**EXERCISE DIRECTIONS:** Print exactly the lines from the one containing "真花兰花开业乔迁贺寿室内送长辈客户领导乔迁观花植物高档名贵花卉" through the last line of the records below, both included, and nothing else; omit any pictures.

**DATASET CONTENT:**
──────
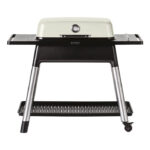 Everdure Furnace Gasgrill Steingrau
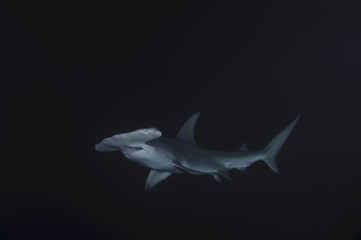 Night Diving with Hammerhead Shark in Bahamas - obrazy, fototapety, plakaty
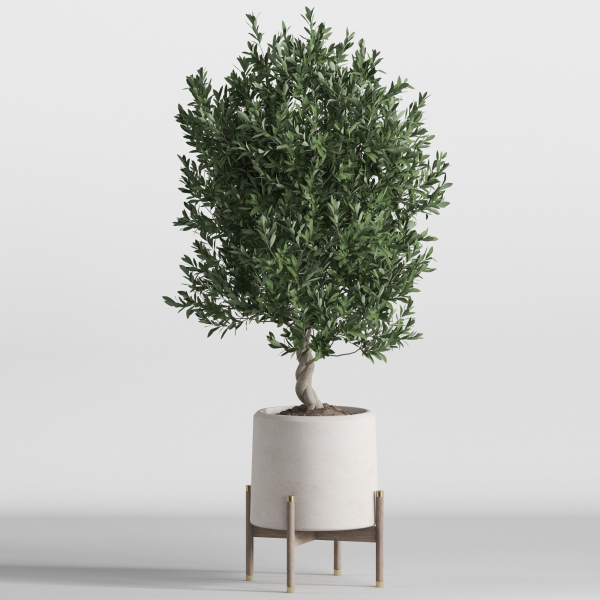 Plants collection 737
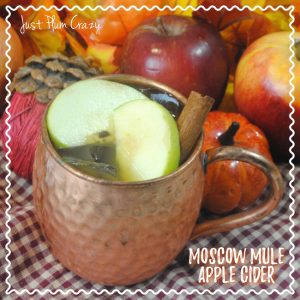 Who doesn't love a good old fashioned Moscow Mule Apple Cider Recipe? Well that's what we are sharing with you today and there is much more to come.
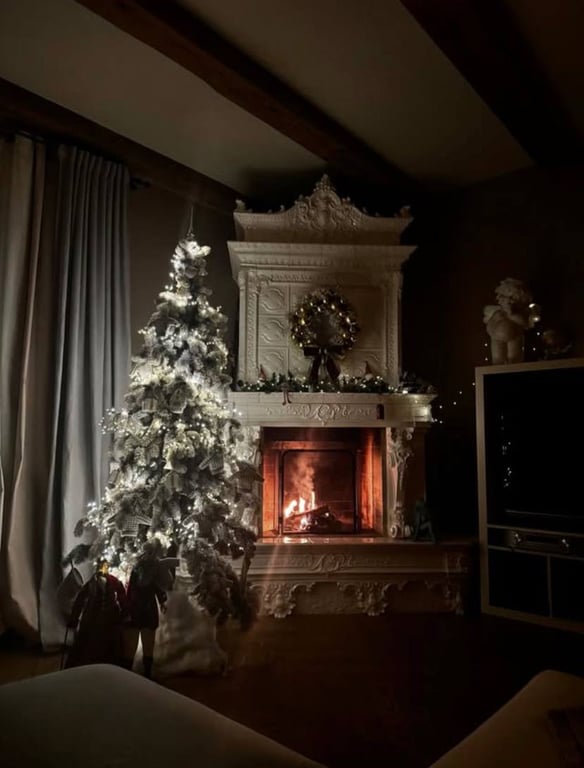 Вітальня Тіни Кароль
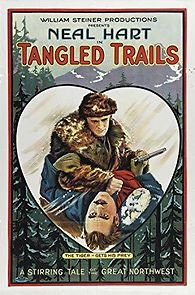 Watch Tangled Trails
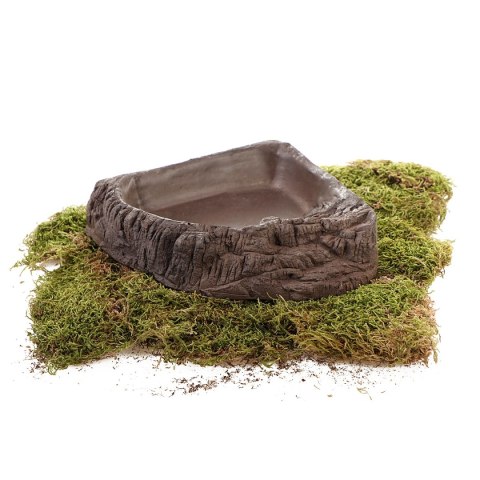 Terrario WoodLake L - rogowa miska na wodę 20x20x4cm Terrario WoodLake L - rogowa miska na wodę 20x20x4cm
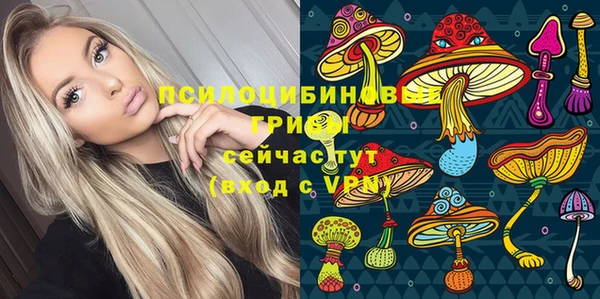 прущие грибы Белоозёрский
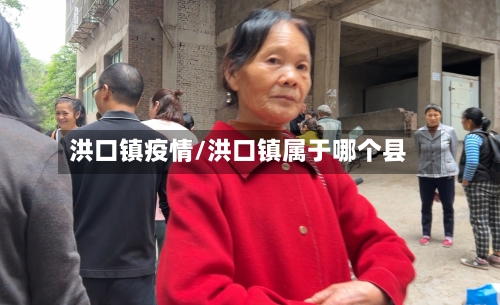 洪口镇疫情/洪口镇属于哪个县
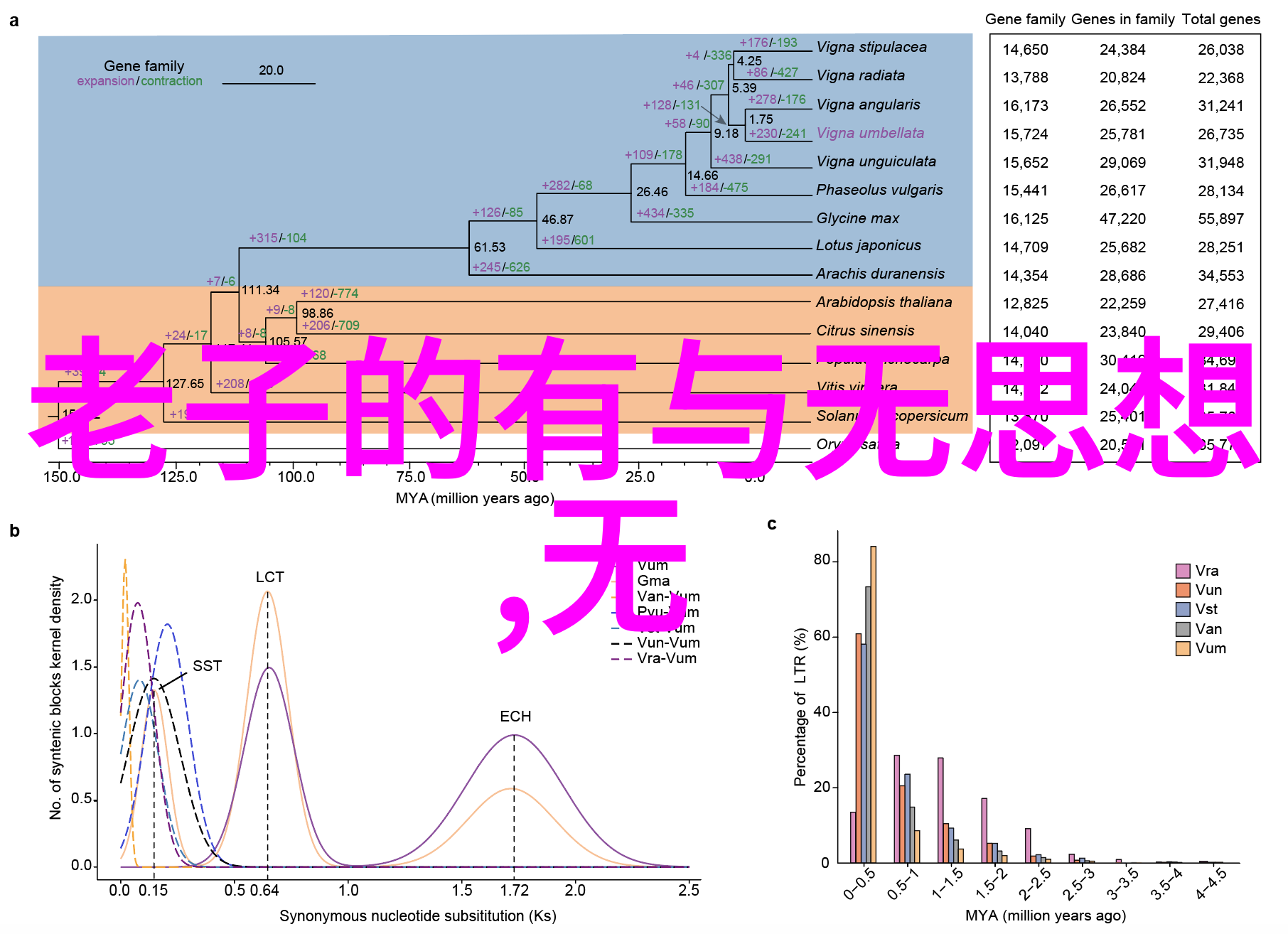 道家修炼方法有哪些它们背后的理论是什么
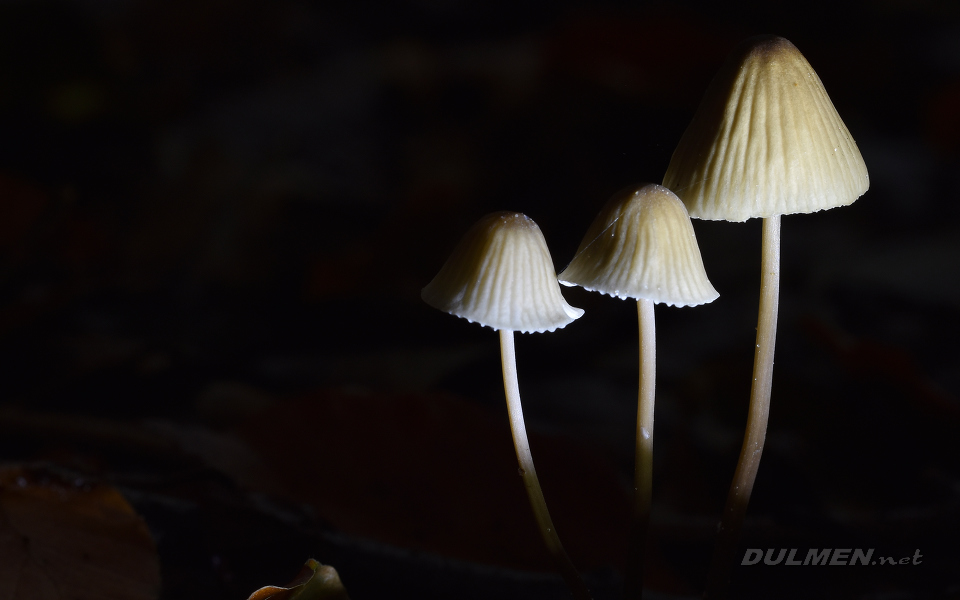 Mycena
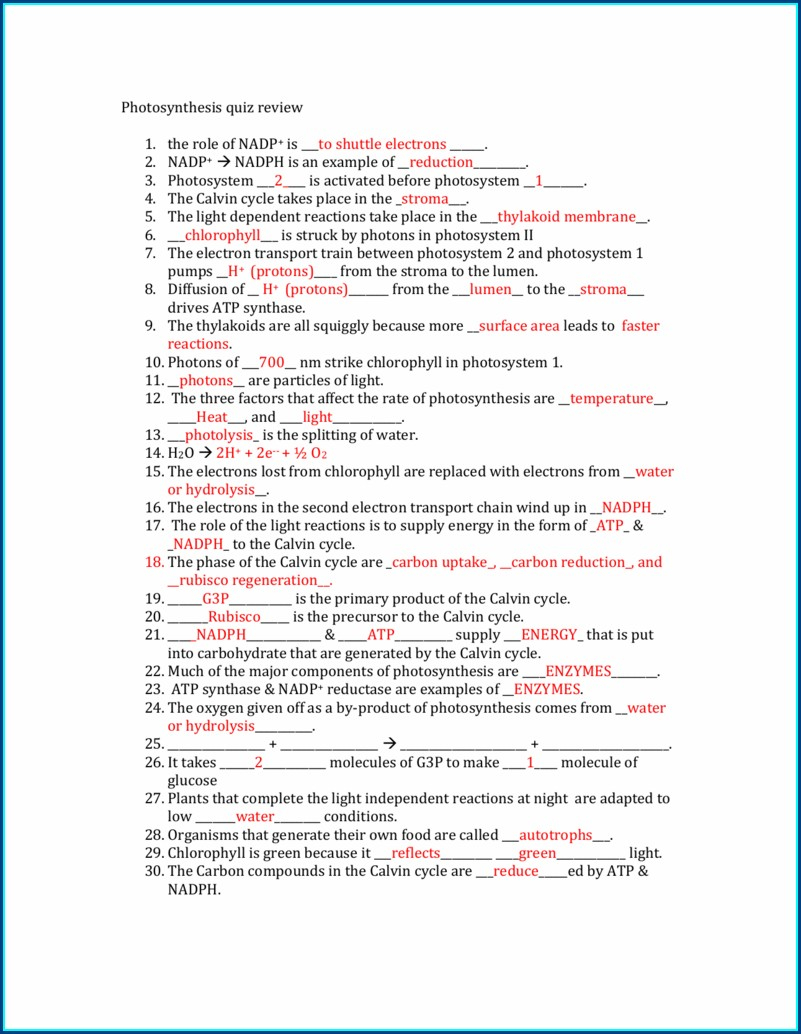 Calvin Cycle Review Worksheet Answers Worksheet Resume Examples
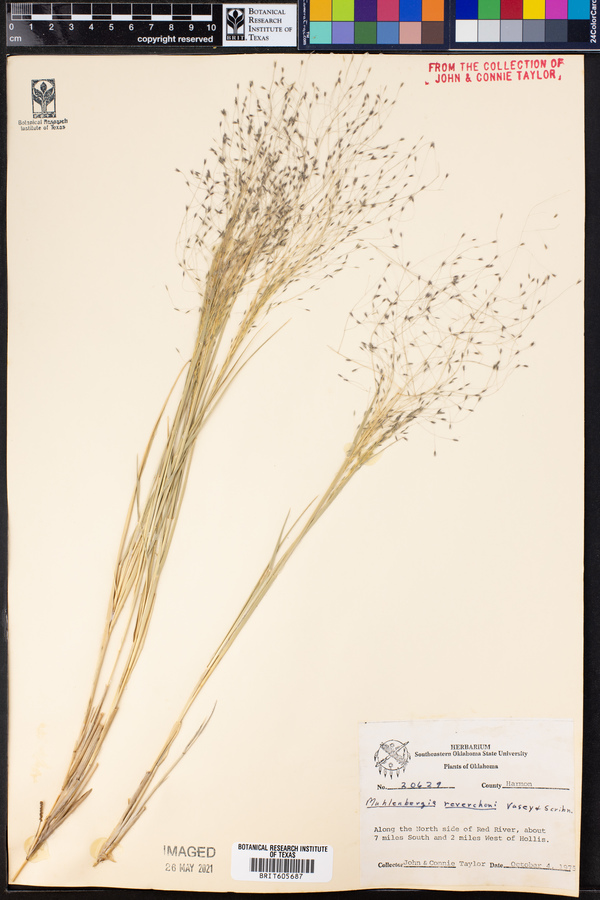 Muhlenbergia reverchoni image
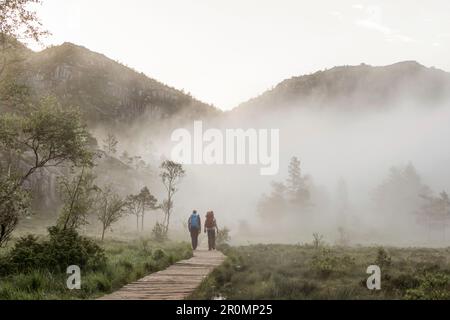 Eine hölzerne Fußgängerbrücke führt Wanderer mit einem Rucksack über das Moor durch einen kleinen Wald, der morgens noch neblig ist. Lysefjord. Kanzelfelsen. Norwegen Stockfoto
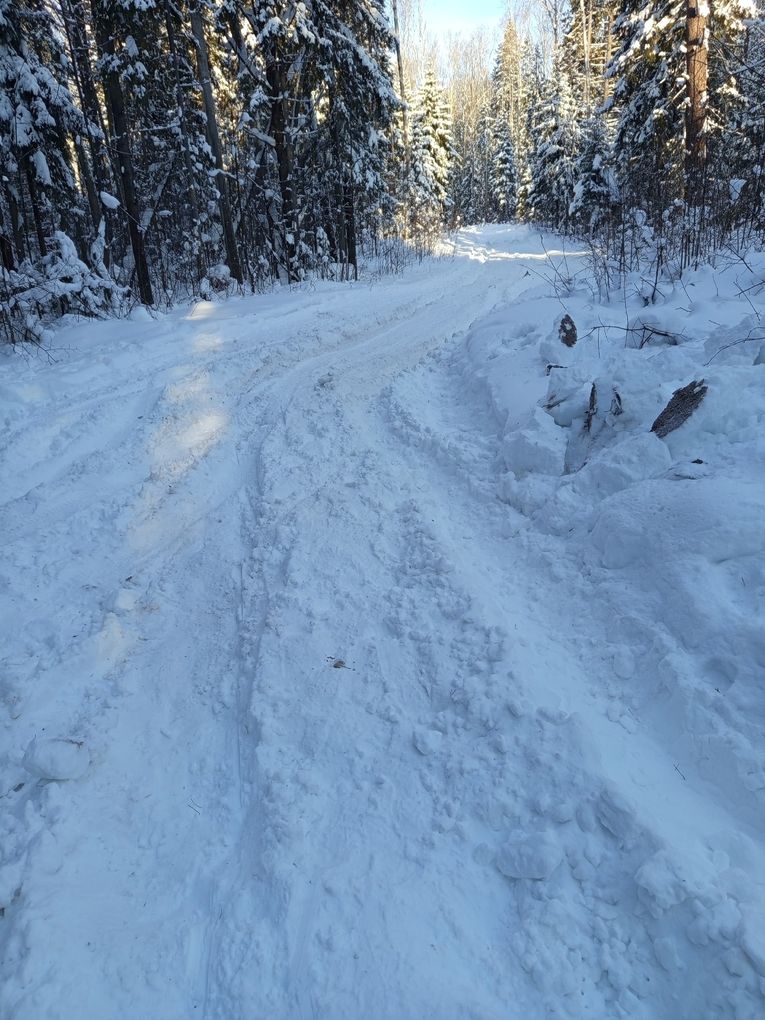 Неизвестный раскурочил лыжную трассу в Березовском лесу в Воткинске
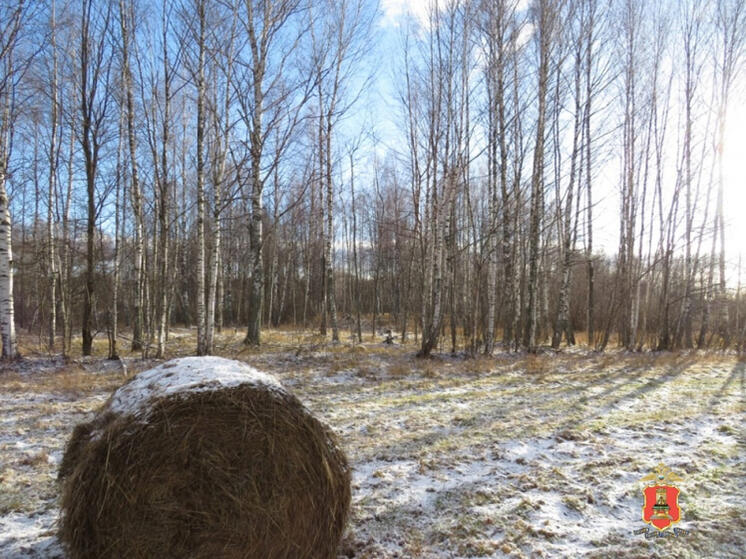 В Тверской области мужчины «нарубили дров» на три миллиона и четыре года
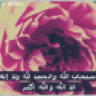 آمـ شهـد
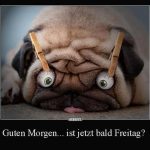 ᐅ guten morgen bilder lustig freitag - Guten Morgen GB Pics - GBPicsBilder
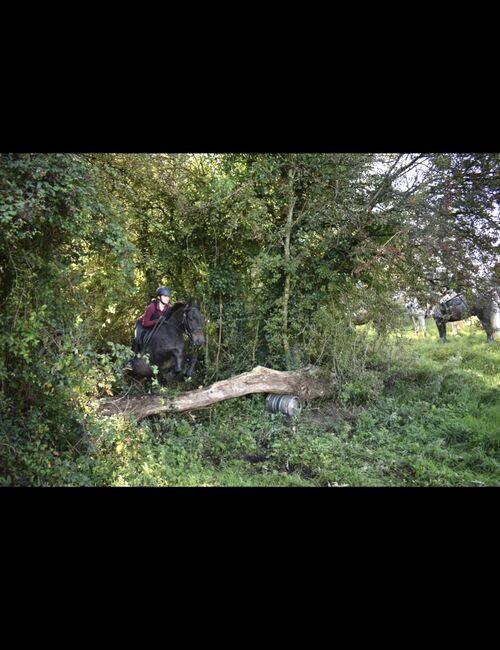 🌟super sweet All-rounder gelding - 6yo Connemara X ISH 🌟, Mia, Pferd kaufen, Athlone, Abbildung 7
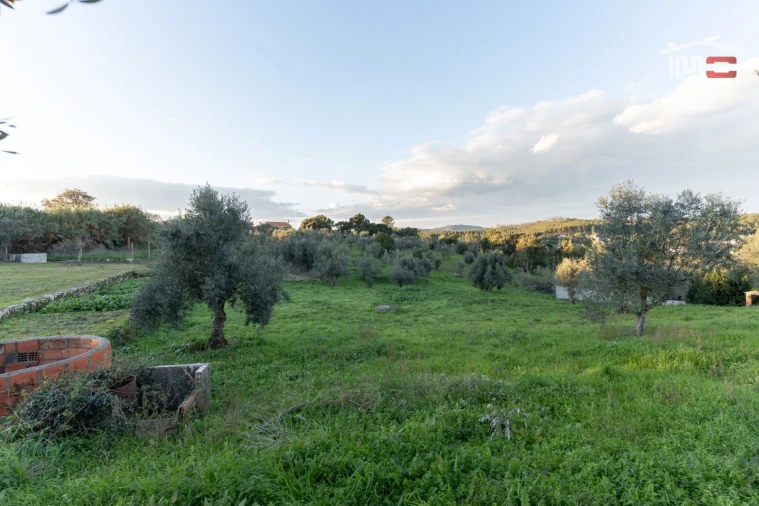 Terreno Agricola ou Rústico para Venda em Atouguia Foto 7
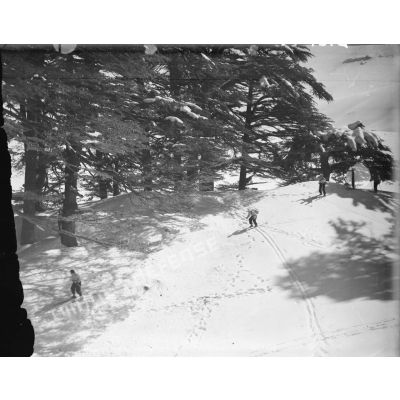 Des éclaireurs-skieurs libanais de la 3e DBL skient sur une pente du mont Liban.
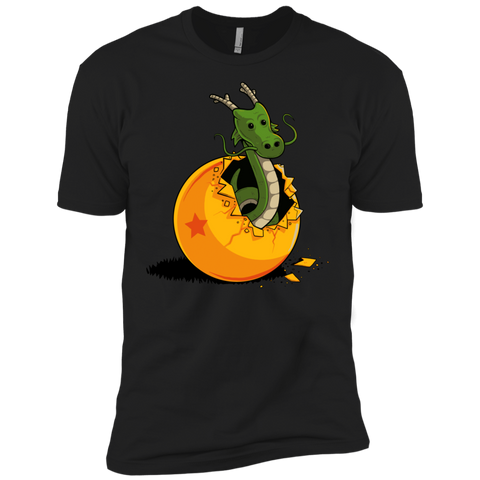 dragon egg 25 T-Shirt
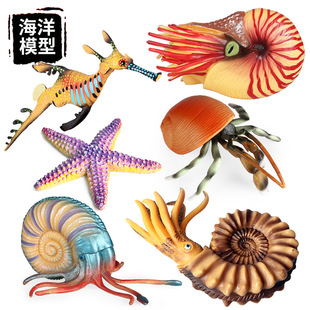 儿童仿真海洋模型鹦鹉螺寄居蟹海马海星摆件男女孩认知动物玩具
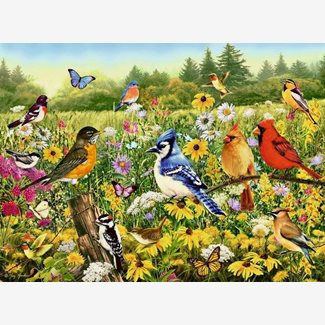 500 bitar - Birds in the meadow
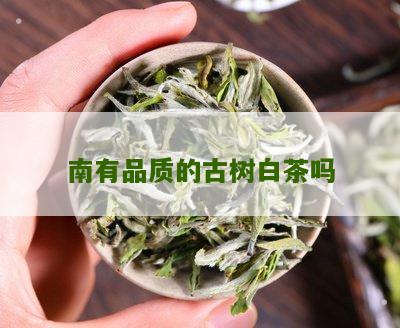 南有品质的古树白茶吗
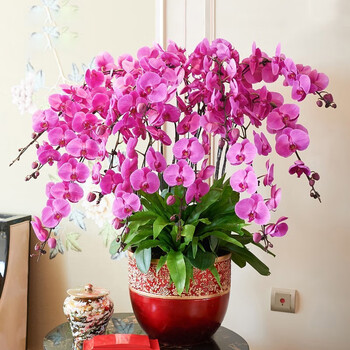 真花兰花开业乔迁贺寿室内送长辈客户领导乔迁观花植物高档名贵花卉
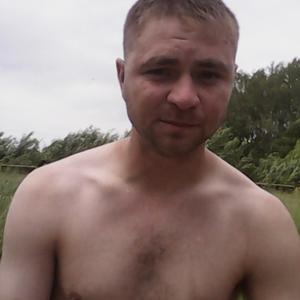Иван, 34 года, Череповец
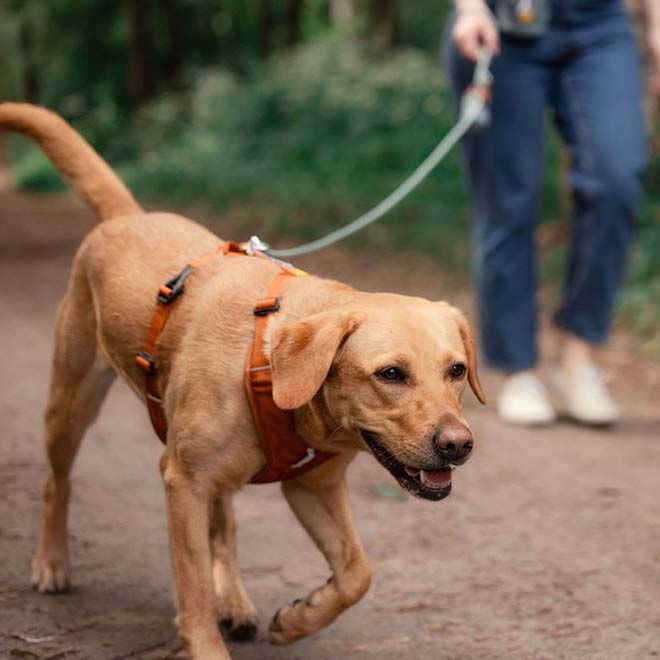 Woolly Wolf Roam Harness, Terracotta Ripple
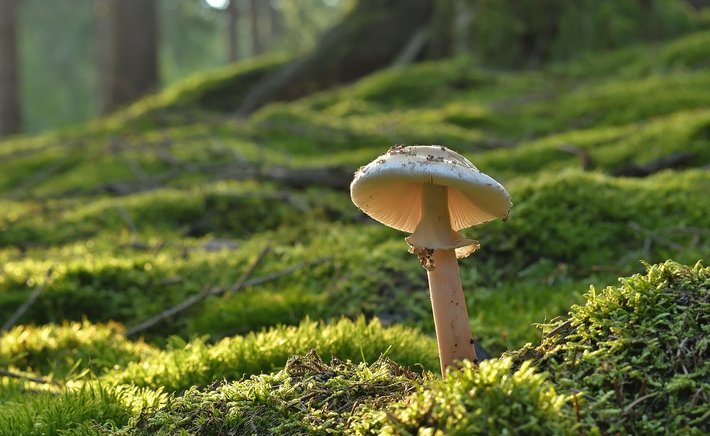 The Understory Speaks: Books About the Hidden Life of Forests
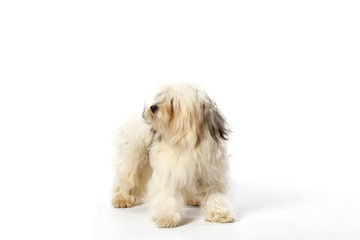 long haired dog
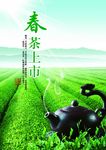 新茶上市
──────
**RESULT:**
 真花兰花开业乔迁贺寿室内送长辈客户领导乔迁观花植物高档名贵花卉
Иван, 34 года, Череповец
 Woolly Wolf Roam Harness, Terracotta Ripple
 The Understory Speaks: Books About the Hidden Life of Forests
 long haired dog
 新茶上市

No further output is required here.